I VATE (R) DELLA NUOVA ITAGLIA...

Un paese ingovernabile e politicamente (e non più geograficamente) diviso in due distinte realtà, con la concreta prospettiva di un immediato ritorno al voto. Non crediamo di allontanarci eccessivamente dalla verità, se volessimo liquidare in poche ma stringate battute l’esito di questa tornata elettorale che ha visto i successi dei due lati dell’inconsistenza e del nulla politico rappresentati rispettivamente da Matteo Salvini e da Luigi Di Maio. Cui hanno fatto da contraltare il crollo del PD e della sinistra e la tenuta assai stentata di Forza Ita(g)lia.
Alla fine, le urne hanno partorito il topolino della mancanza di una maggioranza con i numeri necessari per governare, dal momento che tanto alla Camera quanto al Senato il Movimento 5 Stelle e la coalizione di centrodestra non avrebbero il via libera per dar vita ad un esecutivo. Lo scenario più probabile è dunque quello di nuove elezioni, a meno che i partiti di regime non ci delizino con nuovi inciuci attraverso cui prendere in giro gli elettori che stavolta sono accorsi in massa ai seggi, come attesta la percentuale del 74% di affluenza. 

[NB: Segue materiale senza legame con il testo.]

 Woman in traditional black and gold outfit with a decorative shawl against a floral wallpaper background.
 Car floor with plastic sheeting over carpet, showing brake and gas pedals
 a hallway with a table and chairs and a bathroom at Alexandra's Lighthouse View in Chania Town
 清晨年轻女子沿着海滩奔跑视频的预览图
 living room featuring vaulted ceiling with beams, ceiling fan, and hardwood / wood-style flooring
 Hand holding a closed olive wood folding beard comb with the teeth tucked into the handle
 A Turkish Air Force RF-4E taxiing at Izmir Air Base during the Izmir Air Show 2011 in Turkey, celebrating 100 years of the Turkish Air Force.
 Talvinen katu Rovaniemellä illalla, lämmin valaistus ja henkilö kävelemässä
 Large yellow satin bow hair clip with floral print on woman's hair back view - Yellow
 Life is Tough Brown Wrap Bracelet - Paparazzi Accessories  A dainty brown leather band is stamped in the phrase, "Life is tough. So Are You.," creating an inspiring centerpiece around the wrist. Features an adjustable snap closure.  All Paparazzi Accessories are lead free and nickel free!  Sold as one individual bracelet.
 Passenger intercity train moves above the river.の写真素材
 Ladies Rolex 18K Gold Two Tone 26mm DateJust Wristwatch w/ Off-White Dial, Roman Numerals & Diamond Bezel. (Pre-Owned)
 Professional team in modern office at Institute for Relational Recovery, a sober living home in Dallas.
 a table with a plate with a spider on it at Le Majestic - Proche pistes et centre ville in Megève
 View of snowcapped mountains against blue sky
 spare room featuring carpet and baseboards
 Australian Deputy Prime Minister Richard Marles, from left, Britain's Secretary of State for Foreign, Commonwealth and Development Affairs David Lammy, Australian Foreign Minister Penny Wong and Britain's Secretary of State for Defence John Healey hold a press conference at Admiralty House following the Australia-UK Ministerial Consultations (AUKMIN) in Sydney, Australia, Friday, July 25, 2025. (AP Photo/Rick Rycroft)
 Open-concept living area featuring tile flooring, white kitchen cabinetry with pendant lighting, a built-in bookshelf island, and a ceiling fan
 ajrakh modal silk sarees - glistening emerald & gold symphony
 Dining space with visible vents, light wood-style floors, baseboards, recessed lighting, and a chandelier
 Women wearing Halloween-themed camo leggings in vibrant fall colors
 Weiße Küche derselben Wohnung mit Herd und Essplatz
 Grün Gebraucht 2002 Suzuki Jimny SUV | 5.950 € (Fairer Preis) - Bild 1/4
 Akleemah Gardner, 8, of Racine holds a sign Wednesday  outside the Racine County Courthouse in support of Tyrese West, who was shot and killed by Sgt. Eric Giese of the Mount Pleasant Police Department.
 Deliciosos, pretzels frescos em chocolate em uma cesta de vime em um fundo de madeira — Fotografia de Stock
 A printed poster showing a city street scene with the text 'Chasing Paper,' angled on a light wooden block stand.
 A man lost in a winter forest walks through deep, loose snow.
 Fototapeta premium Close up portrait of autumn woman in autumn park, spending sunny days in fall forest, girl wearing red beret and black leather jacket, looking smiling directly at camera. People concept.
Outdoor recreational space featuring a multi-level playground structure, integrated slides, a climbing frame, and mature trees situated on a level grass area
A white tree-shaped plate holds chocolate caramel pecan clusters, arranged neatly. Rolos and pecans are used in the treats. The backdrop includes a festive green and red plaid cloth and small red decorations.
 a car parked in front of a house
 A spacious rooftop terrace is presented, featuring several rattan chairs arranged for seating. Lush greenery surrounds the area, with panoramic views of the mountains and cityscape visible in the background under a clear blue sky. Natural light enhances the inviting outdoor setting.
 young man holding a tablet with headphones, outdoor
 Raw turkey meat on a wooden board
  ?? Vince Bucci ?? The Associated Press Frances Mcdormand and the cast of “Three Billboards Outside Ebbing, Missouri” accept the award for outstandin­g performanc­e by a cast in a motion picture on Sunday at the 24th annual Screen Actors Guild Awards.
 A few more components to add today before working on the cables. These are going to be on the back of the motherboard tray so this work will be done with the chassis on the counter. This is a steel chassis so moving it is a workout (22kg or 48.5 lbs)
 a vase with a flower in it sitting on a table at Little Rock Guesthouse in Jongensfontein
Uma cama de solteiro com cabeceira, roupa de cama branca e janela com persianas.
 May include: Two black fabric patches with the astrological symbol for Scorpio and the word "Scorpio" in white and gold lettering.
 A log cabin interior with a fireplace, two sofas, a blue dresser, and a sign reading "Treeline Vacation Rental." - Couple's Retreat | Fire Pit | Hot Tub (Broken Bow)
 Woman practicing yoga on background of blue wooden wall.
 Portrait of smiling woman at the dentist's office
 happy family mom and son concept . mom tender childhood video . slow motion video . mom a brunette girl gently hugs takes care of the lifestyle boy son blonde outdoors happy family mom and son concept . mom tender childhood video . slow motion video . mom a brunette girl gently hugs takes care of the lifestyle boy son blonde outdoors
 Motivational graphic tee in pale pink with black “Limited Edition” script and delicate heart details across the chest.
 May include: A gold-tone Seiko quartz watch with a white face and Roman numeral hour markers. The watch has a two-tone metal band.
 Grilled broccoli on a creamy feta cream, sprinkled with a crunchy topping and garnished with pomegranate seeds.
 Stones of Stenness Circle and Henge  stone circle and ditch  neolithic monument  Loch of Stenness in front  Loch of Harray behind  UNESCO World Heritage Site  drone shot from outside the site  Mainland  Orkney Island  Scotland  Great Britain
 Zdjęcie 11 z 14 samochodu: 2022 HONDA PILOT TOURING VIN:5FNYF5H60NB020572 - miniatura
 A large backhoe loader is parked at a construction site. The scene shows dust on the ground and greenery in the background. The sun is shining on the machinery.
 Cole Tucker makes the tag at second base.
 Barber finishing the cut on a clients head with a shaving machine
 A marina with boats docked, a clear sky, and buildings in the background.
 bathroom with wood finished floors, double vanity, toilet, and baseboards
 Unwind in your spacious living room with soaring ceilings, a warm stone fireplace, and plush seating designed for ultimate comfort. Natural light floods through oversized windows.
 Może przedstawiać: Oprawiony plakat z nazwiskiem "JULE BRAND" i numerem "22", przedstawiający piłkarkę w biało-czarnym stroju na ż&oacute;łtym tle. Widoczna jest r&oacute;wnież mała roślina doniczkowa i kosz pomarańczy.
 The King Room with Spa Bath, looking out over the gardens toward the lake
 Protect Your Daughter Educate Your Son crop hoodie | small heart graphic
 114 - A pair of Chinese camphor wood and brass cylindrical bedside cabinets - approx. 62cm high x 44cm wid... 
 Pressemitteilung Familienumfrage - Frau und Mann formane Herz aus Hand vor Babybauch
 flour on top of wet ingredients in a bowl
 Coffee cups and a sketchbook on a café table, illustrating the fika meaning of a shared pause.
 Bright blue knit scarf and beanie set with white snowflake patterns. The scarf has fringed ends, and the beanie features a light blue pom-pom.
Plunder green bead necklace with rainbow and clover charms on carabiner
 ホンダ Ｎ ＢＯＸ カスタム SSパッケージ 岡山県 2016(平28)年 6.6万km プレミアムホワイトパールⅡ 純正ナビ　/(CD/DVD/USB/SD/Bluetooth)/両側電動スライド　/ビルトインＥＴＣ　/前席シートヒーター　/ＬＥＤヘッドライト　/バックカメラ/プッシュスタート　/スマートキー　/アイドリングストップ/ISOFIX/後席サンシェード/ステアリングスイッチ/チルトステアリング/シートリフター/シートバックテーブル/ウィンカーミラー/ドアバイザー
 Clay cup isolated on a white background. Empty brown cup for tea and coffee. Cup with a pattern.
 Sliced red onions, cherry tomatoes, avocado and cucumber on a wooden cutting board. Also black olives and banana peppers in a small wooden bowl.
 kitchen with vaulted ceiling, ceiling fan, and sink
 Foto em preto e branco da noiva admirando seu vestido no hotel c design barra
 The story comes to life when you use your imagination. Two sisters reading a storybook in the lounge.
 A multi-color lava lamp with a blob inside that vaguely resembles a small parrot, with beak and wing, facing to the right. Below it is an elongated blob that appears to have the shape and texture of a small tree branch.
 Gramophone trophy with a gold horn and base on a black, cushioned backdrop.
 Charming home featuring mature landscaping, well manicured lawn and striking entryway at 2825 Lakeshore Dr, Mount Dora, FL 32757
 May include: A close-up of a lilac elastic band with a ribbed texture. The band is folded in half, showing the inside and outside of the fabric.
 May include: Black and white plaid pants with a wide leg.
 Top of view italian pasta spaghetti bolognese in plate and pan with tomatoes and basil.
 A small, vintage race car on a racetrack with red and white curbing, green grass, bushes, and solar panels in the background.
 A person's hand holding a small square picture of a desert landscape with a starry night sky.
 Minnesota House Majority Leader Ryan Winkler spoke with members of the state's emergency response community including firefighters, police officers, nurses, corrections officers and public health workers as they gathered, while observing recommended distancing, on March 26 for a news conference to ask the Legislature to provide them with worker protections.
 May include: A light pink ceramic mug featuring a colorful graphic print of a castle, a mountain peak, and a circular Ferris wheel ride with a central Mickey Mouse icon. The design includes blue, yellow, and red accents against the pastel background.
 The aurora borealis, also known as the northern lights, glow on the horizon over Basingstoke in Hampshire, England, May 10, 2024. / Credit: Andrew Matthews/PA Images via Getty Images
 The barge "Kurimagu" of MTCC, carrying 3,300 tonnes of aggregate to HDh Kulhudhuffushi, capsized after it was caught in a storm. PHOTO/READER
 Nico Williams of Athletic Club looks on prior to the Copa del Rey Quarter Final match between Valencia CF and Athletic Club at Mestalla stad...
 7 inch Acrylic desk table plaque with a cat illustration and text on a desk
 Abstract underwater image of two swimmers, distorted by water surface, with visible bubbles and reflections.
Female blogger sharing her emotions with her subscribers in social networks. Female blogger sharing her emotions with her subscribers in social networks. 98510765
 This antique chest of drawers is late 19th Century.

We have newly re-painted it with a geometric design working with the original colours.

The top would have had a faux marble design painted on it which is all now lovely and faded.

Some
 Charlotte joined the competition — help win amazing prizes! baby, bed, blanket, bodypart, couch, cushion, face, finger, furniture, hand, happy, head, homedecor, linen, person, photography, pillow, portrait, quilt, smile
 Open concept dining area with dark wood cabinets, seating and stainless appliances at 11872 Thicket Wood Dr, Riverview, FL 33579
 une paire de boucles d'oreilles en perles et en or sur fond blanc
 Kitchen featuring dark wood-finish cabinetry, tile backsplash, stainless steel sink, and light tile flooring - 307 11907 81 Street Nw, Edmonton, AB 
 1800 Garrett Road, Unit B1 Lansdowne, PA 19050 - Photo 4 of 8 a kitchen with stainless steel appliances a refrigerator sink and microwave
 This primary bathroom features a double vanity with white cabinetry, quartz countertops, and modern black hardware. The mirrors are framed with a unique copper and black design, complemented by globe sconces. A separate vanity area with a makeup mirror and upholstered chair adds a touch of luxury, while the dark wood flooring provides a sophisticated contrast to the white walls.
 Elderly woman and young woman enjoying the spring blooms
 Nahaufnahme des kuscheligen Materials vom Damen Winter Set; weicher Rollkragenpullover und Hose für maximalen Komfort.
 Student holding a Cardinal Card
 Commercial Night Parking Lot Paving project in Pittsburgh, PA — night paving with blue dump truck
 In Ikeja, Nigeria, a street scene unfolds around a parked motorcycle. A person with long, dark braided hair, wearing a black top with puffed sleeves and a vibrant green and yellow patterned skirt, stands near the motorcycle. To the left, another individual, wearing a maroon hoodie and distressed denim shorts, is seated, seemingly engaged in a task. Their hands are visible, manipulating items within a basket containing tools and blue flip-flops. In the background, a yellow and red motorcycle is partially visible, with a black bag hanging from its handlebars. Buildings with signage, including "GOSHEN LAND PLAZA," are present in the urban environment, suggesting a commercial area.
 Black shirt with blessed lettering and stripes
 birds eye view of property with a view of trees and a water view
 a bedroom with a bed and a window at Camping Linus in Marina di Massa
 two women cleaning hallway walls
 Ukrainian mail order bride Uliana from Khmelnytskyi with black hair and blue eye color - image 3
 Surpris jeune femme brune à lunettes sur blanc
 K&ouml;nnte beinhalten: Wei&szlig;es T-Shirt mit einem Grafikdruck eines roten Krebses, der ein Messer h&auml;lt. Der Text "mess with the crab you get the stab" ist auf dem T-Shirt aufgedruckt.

Ha fatto molto male, piuttosto, vedere scomparire totalmente dal dibattito politico la tematica di una riforma in senso federale di un paese in avanzato stato di putrefazione come questo. Perché la campagna elettorale che ci siamo appena lasciati alle spalle, la ricorderemo come quella in cui gli aspiranti candidati premier (o presunti tali) non hanno mai dato vita a confronti pubblici, necessari affinché gli elettori potessero immediatamente soppesare e confrontare le varie offerte politiche. Così invece non è stato, ed abbiamo visto spot fare la comparsa sui social, mentre in pochissimi sapevano che in Lazio ed in Lombardia si votava anche per il rinnovo dei rispettivi consigli regionali.
Tornando all’analisi del risultato politico, stiamo notando in queste ore come tanto il fannullone padano Salvini, quanto il bimbominkia Di Maio chiedono a gran voce il mandato “esplorativo” attraverso cui formare il nuovo governo. Indipendentemente da chi per primo riceverà tale incombenza, appare chiaro agli occhi di tutti che mai questa volta, il concetto di unità d’itaglia sia quanto meno lontano. Vediamo il perché. Al Nord, il centrodestra ha – come da previsioni – fatto il pieno di voti, conquistando anche regioni storicamente di sinistra come l’Emilia Romagna, sulla scia dei referendum sull’autonomia dello scorso mese di ottobre con cui Lombardia e Veneto hanno fatto chiaramente capire a Roma di essere stufe di vedersi trattenere le proprie risorse dallo stato centrale. Da qui però a dire che le tematiche secessioniste possano trovare vigore ce ne passa. Perché la Lega di Salvini ha abiurato qualsiasi istanza indipendentista con la quale era invece nata, alleandosi con gli sfigati (s)fascistelli della Meloni e ricadendo comunque nell’area di influenza berlusconiana, dopo che il parassita padano aveva urlato e promesso ai quattro venti ed a più riprese che non si sarebbe mai alleato con l’ex Cavaliere di Arcore.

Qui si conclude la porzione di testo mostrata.